Like Larissa, I continued to be charming, if charming means “manipulative and dishonest with no regard for how I affected others.” Like Larissa, I continued to be smart, is smart means “manipulative and dishonest with no regard for how I affected others.” Unlike Larissa, I was never pretty, but I’m afraid alcoholism doesn’t leave much beauty inside or out. In women in their forties, booze seems to dissolve their looks, first slowly and then completely.
By the end, I was amazed if not amused that it takes as much energy to be a semi-employable drunk with a taste for mouthwash as it did to direct alternative schools, run an improve theater company and be a homeowner. The energy didn’t result in achievement any more, barely resulted in anything, but I kept on needing it, or at least needed the booze that fueled my energy.
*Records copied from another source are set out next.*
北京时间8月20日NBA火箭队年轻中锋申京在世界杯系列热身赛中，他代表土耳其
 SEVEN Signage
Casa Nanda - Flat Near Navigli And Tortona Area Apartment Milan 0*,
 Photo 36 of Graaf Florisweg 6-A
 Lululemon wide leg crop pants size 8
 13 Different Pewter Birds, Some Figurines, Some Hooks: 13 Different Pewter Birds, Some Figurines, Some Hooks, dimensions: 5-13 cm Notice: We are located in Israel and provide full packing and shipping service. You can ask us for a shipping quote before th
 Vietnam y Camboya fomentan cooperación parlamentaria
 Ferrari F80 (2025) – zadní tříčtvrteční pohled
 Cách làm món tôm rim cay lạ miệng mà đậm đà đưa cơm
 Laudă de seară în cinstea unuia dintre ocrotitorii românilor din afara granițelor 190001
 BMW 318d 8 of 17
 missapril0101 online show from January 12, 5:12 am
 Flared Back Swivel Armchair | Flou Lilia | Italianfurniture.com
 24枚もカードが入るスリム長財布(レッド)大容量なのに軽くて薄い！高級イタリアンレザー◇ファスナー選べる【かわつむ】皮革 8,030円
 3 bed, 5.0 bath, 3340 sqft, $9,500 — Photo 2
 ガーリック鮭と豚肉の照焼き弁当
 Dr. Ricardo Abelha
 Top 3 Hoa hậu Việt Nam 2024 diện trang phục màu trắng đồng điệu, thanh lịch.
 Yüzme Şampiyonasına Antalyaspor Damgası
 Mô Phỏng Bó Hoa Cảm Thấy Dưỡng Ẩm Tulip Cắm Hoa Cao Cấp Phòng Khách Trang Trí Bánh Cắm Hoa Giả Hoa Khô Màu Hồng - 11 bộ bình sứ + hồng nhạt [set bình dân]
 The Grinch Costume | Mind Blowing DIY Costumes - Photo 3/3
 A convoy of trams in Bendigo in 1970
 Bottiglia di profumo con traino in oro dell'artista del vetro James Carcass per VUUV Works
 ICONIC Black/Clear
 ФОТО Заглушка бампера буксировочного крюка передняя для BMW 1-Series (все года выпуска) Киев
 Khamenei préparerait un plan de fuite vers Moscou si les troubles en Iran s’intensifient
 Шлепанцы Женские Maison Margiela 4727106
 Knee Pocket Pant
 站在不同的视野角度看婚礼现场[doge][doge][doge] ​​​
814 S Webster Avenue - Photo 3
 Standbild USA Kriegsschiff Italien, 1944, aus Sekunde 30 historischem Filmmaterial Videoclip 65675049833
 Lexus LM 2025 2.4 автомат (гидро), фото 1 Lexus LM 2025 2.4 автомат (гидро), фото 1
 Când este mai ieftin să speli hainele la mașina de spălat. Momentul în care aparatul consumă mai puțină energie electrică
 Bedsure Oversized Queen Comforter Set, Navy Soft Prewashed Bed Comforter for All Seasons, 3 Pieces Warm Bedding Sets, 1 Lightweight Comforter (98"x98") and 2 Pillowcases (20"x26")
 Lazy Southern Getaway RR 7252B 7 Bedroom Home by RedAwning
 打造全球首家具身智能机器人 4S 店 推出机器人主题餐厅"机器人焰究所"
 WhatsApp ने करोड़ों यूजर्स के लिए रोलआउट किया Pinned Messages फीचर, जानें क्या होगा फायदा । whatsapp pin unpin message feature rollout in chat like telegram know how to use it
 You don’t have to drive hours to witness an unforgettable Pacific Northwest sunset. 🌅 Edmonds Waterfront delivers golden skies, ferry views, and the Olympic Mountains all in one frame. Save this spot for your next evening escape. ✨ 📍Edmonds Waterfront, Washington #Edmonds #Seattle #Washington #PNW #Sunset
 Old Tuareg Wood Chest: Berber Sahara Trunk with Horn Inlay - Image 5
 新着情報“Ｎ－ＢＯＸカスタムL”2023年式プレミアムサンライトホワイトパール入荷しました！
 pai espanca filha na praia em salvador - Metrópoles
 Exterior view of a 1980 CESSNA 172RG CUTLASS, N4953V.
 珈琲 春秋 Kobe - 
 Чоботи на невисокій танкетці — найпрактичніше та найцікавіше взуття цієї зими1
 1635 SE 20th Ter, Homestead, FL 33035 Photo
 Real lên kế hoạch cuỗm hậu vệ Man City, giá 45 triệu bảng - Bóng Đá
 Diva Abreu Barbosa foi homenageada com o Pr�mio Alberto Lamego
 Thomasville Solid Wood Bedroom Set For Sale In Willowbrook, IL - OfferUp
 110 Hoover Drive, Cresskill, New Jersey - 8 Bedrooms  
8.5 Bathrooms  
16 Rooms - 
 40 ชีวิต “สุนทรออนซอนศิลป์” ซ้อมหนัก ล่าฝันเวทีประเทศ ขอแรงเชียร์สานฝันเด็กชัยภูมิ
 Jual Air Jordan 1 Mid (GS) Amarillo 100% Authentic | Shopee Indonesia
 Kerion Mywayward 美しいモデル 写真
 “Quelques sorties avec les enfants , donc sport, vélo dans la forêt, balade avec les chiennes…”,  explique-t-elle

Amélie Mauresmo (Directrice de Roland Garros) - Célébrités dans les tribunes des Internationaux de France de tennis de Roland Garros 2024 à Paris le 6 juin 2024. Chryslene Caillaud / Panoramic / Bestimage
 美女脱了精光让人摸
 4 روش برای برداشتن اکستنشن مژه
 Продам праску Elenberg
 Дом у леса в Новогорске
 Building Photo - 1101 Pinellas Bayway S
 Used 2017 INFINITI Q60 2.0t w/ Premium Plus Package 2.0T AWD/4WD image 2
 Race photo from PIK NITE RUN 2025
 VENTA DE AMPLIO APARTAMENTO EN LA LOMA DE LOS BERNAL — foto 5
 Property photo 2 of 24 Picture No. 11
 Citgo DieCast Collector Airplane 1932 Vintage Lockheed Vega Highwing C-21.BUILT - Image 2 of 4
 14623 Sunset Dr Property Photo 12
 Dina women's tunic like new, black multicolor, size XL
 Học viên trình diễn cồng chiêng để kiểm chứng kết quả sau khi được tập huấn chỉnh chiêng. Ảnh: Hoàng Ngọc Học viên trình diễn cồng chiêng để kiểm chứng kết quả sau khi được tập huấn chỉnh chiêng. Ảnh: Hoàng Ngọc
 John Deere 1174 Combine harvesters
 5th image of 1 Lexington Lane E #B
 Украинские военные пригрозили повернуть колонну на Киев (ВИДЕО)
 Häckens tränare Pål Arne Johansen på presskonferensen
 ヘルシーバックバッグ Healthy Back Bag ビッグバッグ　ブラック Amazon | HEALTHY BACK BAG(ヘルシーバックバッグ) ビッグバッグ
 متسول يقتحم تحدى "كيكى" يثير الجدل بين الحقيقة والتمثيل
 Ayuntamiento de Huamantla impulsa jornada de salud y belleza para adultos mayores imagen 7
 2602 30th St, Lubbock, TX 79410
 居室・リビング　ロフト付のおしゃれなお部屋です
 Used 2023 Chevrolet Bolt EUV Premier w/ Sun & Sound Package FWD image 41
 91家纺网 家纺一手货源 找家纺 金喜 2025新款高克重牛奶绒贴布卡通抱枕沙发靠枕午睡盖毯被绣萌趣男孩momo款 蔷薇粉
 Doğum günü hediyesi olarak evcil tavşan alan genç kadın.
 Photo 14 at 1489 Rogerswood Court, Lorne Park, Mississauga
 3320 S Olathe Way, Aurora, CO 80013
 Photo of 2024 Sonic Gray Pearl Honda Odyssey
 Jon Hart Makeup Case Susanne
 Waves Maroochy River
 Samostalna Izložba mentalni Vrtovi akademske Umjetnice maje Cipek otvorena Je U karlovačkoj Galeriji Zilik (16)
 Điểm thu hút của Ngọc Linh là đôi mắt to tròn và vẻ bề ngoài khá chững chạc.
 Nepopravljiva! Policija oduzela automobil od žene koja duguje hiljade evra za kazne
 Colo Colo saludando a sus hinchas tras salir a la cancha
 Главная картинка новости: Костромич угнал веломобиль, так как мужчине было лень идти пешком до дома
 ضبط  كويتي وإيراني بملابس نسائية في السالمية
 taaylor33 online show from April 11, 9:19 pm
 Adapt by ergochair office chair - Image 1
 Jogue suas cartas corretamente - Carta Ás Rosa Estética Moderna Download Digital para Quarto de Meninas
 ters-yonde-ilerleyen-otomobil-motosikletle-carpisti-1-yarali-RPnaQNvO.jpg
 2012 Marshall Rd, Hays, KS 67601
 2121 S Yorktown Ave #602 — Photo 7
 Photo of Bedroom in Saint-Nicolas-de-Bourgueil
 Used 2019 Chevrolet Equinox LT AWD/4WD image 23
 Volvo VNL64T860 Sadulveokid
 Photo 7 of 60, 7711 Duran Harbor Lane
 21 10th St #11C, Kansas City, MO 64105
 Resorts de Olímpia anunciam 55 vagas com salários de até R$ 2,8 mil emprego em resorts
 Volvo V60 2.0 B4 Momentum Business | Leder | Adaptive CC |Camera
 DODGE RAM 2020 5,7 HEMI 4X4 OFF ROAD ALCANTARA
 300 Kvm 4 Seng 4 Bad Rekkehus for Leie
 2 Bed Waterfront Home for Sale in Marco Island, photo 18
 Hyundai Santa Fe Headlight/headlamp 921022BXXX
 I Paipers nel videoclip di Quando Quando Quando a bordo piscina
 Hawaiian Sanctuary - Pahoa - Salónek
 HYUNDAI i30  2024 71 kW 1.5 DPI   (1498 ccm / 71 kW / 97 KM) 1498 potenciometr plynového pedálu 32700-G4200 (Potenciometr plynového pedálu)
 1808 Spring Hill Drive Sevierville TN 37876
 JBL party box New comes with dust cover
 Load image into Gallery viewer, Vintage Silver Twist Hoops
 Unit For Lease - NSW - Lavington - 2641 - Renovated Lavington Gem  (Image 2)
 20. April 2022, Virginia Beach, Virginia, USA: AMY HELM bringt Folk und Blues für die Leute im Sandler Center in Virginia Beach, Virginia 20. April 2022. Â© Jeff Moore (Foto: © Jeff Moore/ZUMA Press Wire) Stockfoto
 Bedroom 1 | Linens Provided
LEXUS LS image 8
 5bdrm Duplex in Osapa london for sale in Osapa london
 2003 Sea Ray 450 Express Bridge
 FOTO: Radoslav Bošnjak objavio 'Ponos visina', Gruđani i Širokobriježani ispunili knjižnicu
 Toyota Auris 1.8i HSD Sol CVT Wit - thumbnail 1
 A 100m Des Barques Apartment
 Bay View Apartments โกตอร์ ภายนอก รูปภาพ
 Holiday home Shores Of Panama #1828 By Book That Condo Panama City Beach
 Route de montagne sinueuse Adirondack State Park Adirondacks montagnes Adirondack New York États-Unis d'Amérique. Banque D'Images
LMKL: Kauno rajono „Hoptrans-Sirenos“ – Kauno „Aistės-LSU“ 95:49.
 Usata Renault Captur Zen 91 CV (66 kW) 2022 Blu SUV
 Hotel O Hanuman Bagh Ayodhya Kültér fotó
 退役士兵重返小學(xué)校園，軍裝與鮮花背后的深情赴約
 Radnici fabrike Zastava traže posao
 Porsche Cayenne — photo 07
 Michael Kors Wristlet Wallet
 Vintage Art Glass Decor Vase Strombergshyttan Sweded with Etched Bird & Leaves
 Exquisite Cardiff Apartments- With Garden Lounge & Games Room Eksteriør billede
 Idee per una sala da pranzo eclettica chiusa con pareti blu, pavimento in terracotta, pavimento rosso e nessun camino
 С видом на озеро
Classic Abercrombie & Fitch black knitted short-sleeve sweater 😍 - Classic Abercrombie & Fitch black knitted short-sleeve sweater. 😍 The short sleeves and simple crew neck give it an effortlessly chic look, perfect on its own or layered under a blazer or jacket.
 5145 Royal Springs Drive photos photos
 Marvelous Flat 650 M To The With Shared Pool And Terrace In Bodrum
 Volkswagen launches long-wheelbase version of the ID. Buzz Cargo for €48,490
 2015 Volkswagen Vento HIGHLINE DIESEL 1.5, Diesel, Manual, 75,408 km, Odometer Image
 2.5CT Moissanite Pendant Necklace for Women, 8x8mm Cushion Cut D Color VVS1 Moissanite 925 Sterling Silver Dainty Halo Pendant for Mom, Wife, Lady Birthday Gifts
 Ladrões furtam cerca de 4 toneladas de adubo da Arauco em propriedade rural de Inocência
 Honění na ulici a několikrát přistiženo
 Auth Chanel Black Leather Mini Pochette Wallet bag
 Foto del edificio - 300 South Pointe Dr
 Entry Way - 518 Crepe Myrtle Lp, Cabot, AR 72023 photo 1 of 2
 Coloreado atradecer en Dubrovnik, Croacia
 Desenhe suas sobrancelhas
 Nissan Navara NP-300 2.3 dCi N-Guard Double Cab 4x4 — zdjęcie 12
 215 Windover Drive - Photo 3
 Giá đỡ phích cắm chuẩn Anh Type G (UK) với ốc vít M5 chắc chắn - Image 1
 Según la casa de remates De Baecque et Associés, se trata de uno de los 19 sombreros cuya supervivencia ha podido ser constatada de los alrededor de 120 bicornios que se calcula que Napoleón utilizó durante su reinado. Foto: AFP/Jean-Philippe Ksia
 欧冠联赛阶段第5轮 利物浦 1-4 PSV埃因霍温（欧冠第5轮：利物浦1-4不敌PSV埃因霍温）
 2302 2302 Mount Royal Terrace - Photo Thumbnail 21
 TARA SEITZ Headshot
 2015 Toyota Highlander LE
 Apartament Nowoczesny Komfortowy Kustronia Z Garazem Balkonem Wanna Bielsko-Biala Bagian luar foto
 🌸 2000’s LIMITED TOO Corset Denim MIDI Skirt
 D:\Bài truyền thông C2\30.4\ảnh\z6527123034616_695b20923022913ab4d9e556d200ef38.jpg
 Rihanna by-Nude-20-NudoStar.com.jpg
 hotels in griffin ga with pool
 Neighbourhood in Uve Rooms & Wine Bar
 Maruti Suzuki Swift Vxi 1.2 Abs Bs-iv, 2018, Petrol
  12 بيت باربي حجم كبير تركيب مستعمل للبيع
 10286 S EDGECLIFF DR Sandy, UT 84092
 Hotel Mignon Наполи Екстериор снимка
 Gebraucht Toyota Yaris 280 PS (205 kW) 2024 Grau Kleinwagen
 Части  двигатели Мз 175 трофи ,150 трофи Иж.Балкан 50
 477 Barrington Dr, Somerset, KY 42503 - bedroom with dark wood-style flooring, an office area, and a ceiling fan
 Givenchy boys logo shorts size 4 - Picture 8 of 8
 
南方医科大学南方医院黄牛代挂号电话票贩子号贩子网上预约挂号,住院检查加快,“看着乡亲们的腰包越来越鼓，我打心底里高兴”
Readers know I’m not a God guy at all, not real interested in whether the Big Joker in the Sky is paying attention. Still, I pray 50 or 75 times a day, saying the same prayer over and over and over: “Thank you, God.” For today, I’m going to amend that prayer to “Thank you, God, and please help Larissa find a way to want to find a path to sobriety.”
Those of you who have a chattier relationship with a higher power, please feel free to embroider this message, and insert whatever other names are appropriate for you.